A integração regional ganhou um novo impulso com a Audiência Pública do Parlasul  realizada em Ponta Porã, na terça-feira (28), reunindo parlamentares do Brasil e do Paraguai, prefeitos, vereadores e autoridades de ambos os países.

A audiência, liderada pelo Senador Nelsinho Trad, ocorreu no Centro Internacional de Convenções Miguel Gomez, e contou com a presença do prefeito Eduardo Campos, do presidente da Câmara Municipal, Agnaldo Pereira Lima, do presidente da Junta Municipal de Pedro Juan Caballero, Jorge Medina, além do embaixador do Brasil no Paraguai, José Marcondes, do deputado federal e membro do Parlasul, Heitor Schuch (PSB-RS), do senador Walter Ricardo Kobylanski e do deputado nacional Cezar Cerini, ambos do Paraguai, entre outras autoridades locais, estaduais e federais.
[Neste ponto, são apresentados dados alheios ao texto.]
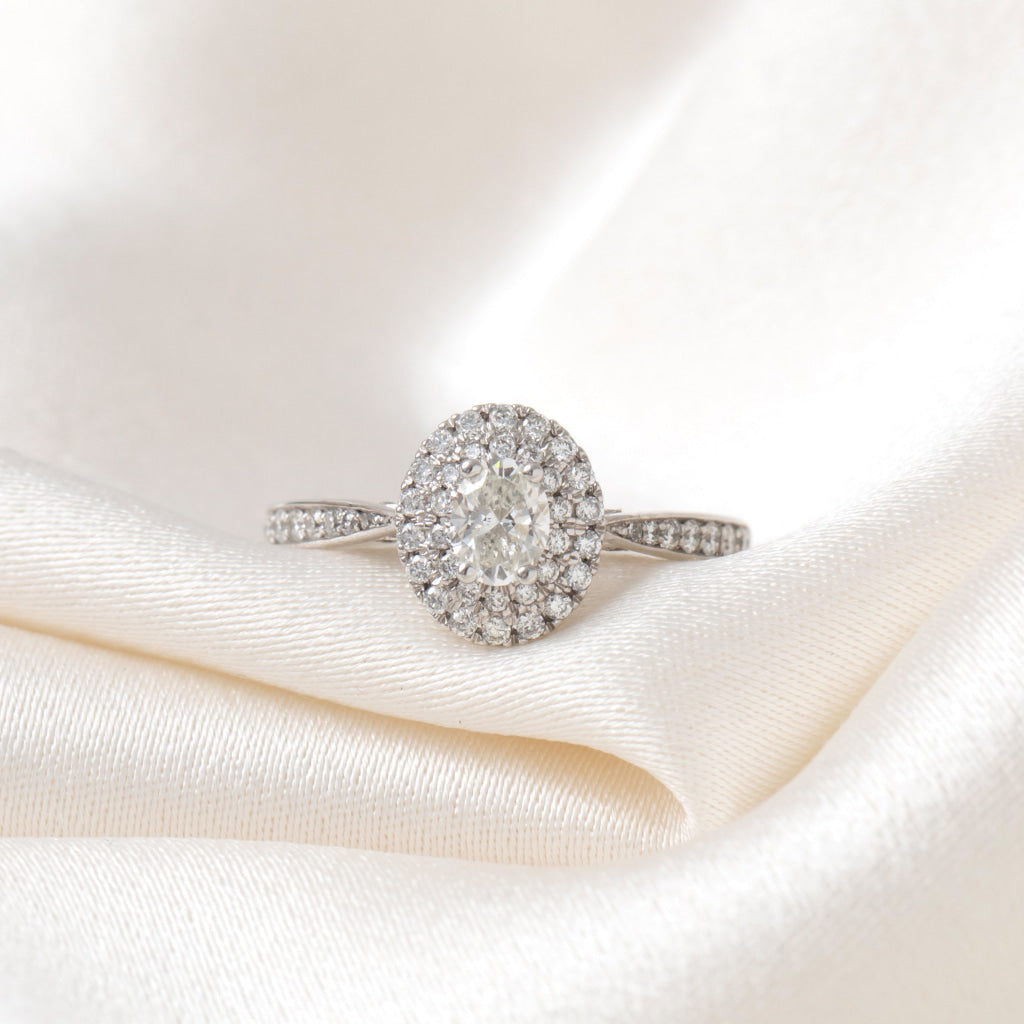 CAMILA 0.71ct | Oval Halo Diamond Engagement Ring in 18ct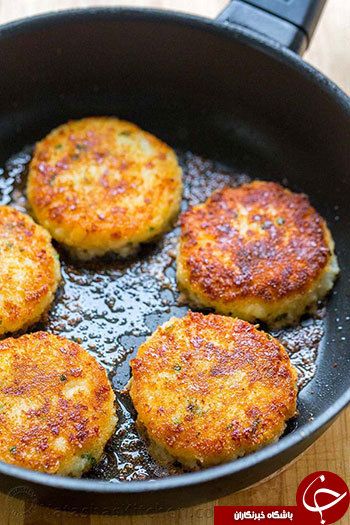 طرز تهیه پنکیک سیب زمینی پنیری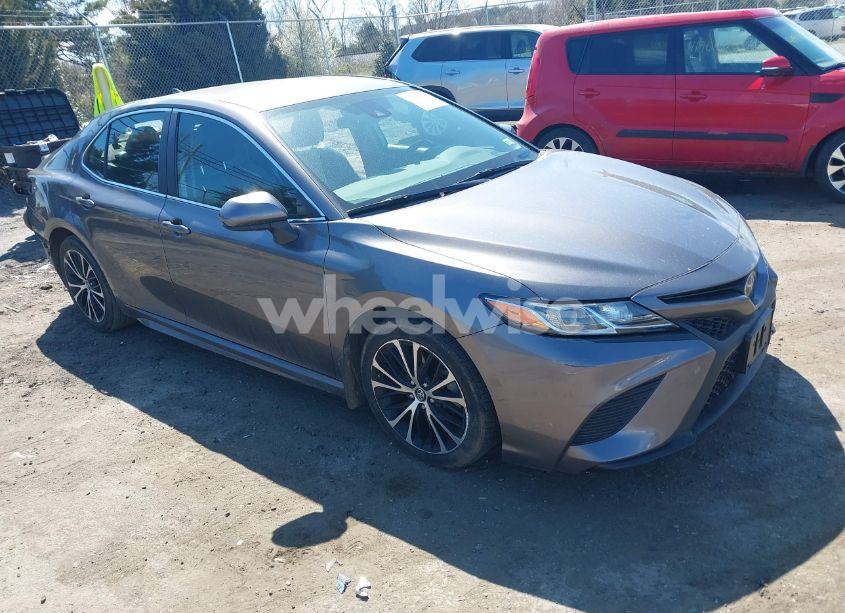 2020 Toyota Camry SE (VIN 4T1G11AK4LU871803) main photo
Entre os convidados, o diretor-presidente da Sanesul, Renato Marcílio, destacou os desafios do saneamento básico na região de fronteira, ressaltando a importância de investimentos que garantam acesso universal à água tratada e esgotamento sanitário, condições fundamentais para o desenvolvimento econômico e social.

Na avaliação de Renato Marcílio, o saneamento básico representa um dos pilares mais importantes para a integração regional e o desenvolvimento sustentável das cidades de fronteira. “Investir em infraestrutura de água e esgoto significa promover saúde pública, dignidade e desenvolvimento sustentável”, destaca o dirigente.

A Sanesul entende que o saneamento é um elemento essencial de integração regional, capaz de gerar novas oportunidades econômicas e sociais para brasileiros e paraguaios que vivem e compartilham o mesmo território na faixa de fronteira.

A Sanesul atua em 68 municípios sul-mato-grossenses, incluindo Ponta Porã, e os investimentos têm sido fundamentais para elevar a qualidade de vida da população e impulsionar o desenvolvimento sustentável das cidades atendidas.

Cooperação e compromissos firmados

As autoridades assinaram o Protocolo de Intenções e a Declaração de Ponta Porã sobre Integração Fronteiriça, simbolizando o compromisso mútuo entre os países.

O debate também contou com especialistas como Erivelto Alencar, da Receita Federal; Gustavo Oliveira Vieira, da UNILA; Lúcio Flávio, da UEMS; e Mário Camargo, que discutiram temas como desenvolvimento sustentável, corredores logísticos e comércio binacional.

A presença do diretor-presidente da Sanesul no evento evidencia que o saneamento básico ocupa lugar central na agenda de desenvolvimento da fronteira e outras regiões, consolidando a empresa como agente público de transformação, qualidade de vida e cooperação entre os povos de Mato Grosso do Sul e do Paraguai.